Artificial Intelligence 10 min read

Unified Self‑Supervised Pretraining Boosts Image Generation and Understanding

The USP framework introduces masked latent modeling within a VAE space to pretrain ViT encoders, enabling seamless weight transfer to both image classification and diffusion‑based generation tasks, dramatically accelerating training while preserving strong performance across multiple benchmarks.

Amap Tech

Jul 11, 2025

Unified Self‑Supervised Pretraining Boosts Image Generation and Understanding

Paper Overview

USP (Unified Self‑Supervised Pretraining) proposes a masked latent modeling strategy in the latent space of a variational auto‑encoder (VAE) to pretrain Vision Transformer (ViT) encoders. After pretraining, the learned weights can be directly transferred to downstream tasks such as image classification, semantic segmentation, and diffusion‑based image generation.

Motivation

While the pretraining‑finetuning paradigm has succeeded in image recognition, its application to image generation remains limited. Existing approaches either operate in pixel space with high computational cost or are incompatible with diffusion models.

Method

USP performs masked latent modeling (MLM) on VAE embeddings: random patches are masked, the unmasked patches are fed to a ViT encoder, and a decoder reconstructs the masked patches using a simple MSE loss. During pretraining the VAE parameters are frozen, and only the ViT encoder is updated. The resulting encoder weights serve as a universal initialization for both understanding and generation tasks.

Unified pretraining framework: Bridges image understanding and diffusion‑based generation within a single pretraining pipeline.

Decoupled pretraining and downstream tasks: Masked latent modeling eliminates label dependence and speeds up training.

Efficiency and universality: USP accelerates DiT and SiT diffusion models by 11.7× and 46.6× respectively, while maintaining strong representational power for classification and segmentation.

Experiments

Image generation: USP was evaluated on Transformer‑based diffusion models DiT and SiT using ImageNet‑256 (50 000 samples, no CFG). It consistently improves generation quality across model scales, achieving comparable FID scores with far fewer training steps (e.g., 400 K steps vs. 2.5 M steps for baseline).

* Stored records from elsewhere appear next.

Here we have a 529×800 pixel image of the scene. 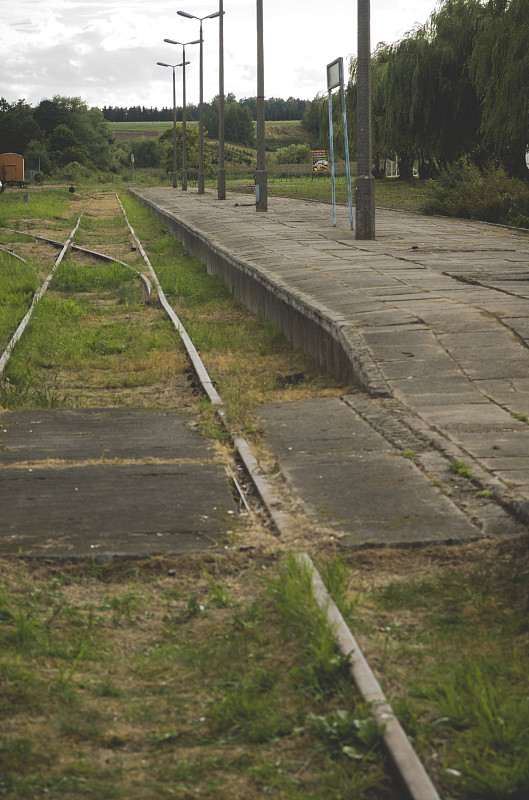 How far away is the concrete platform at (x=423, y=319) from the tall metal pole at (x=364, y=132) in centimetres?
47

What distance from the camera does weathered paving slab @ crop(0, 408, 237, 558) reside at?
482 centimetres

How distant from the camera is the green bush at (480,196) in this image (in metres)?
Answer: 23.8

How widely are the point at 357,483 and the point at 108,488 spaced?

Results are shown in Figure 1 and Tables 2‑4.

Image understanding: Linear probe and fine‑tuning on ImageNet‑1k demonstrate that USP outperforms MAE on linear probing and matches MAE on fine‑tuning. Segmentation on ADE20K yields a 0.5 % mIoU gain over MAE. See Figures 2‑3 and Table 5‑6.

Ablation studies: Comprehensive ablations on VAE usage, input resolution, and mask ratio confirm each component’s contribution to the overall performance gains.

Future Work

The authors suggest extending the unsupervised pretraining approach to autoregressive generative models and further exploring its efficiency benefits.